A Montrose Press article dated Feb. 26, 1907, notes that “He came to Colorado in the early days, and made a trip through this country and on to Salt Lake as early as 1860…he was well acquainted with Chief Ouray, and knew all the great Ute chiefs of that time. “
Noting that Loutsenhizer—who was one of the Montrose County’s first three County Commissioners—was “a great factor in the building up of Western Colorado and particularly of Montrose County,” the obituary also touches on one of the frontiersman’s many adventures. After serving as Sheriff of Bozeman, Montana in 1867, the pioneering spirit once again lured Loutsenhizer to head out in search of adventure—this time with one of Colorado’s most notorious historical figures.
“He was with Packer the “man eater” in 1872,” the account recalls, and when the party divided, before Packer went to Lake City, where he murdered and ate his companions, Loutsenhizer and his party went on over to the Tomichi and to Los Pinos Agency.”

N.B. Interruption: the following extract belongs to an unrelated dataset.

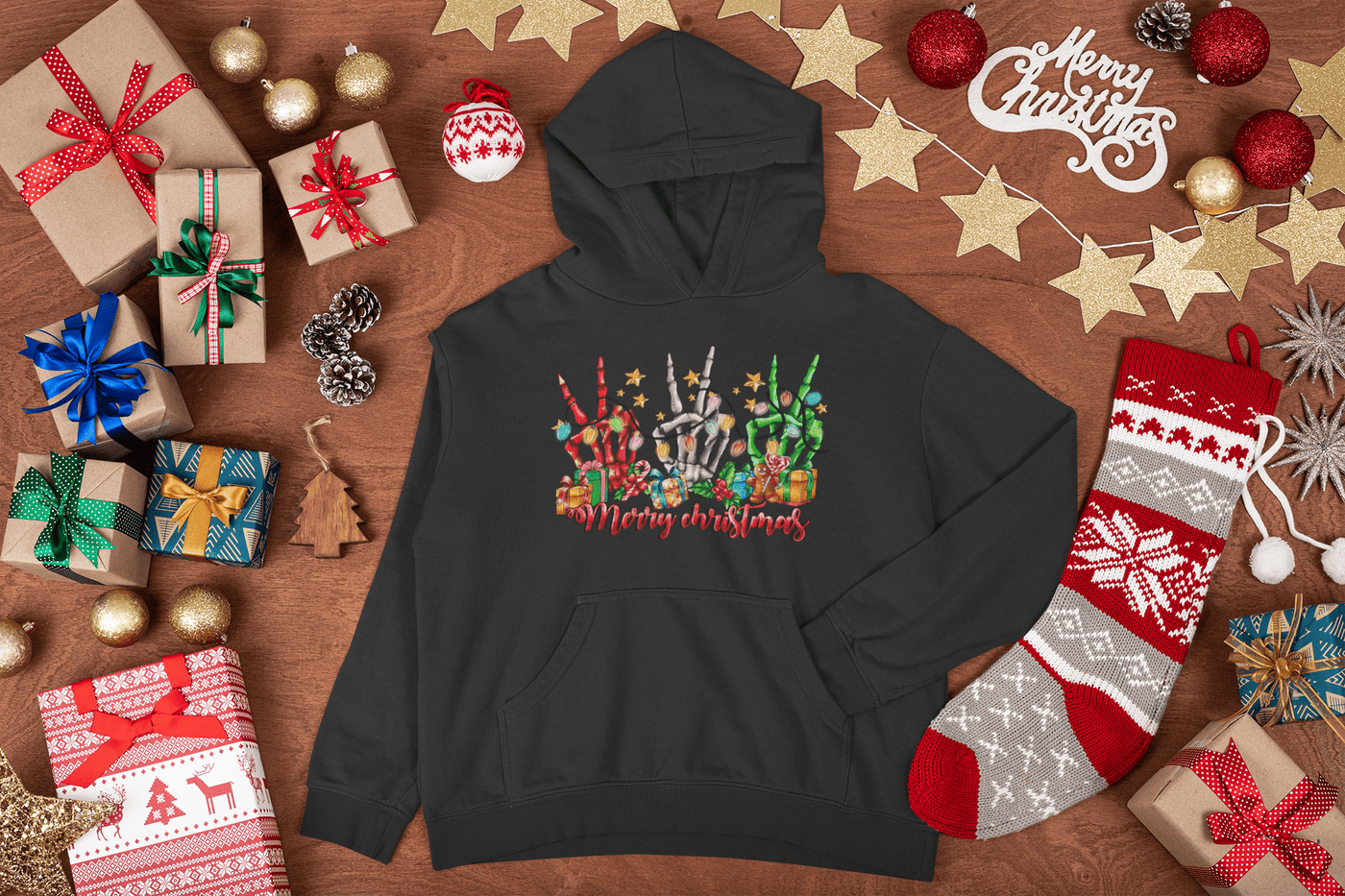 Merry Chirstmas skeleton hands DTF - KT SUBLIMATION, DTF AND MORE LLC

That episode was also recounted in the Montrose Press obituary in March of that same year.
“In 1871 he joined a party of trappers and prospectors in the territory of Utah and started for Colorado, with Alfred Packer, who claimed to know the route, as guide. The party became lost on the desert and for months they wandered about, finally reaching the Grand river, not far from where Grand Junction now stands, in a half-starved condition. They continued on and finally pitched camp in the Shavano Valley, a few miles south of Montrose. This was the headquarters of the Ute Indians and they were then under leadership of Ouray who received the palefaces in a kindly manner.
“Here the party separated, Loutsenhizer and three others going toward the mining camp of Ouray, Packer and the other three for Los Pinos Agency. The killing of his companions near Lake City and the eating of their flesh by Packer are yet familiar history. Loutsenhizer did not like Packer’s actions on the first part of the trip and this was the cause of the separation in this valley.”
Shortly afterward, the obituary states, Loutsenhizer “settled down for life on the spot now occupied by beautiful Montrose.”
Loutsenhiser and Joseph Selig owned the ranches that were later divided into lots for the town.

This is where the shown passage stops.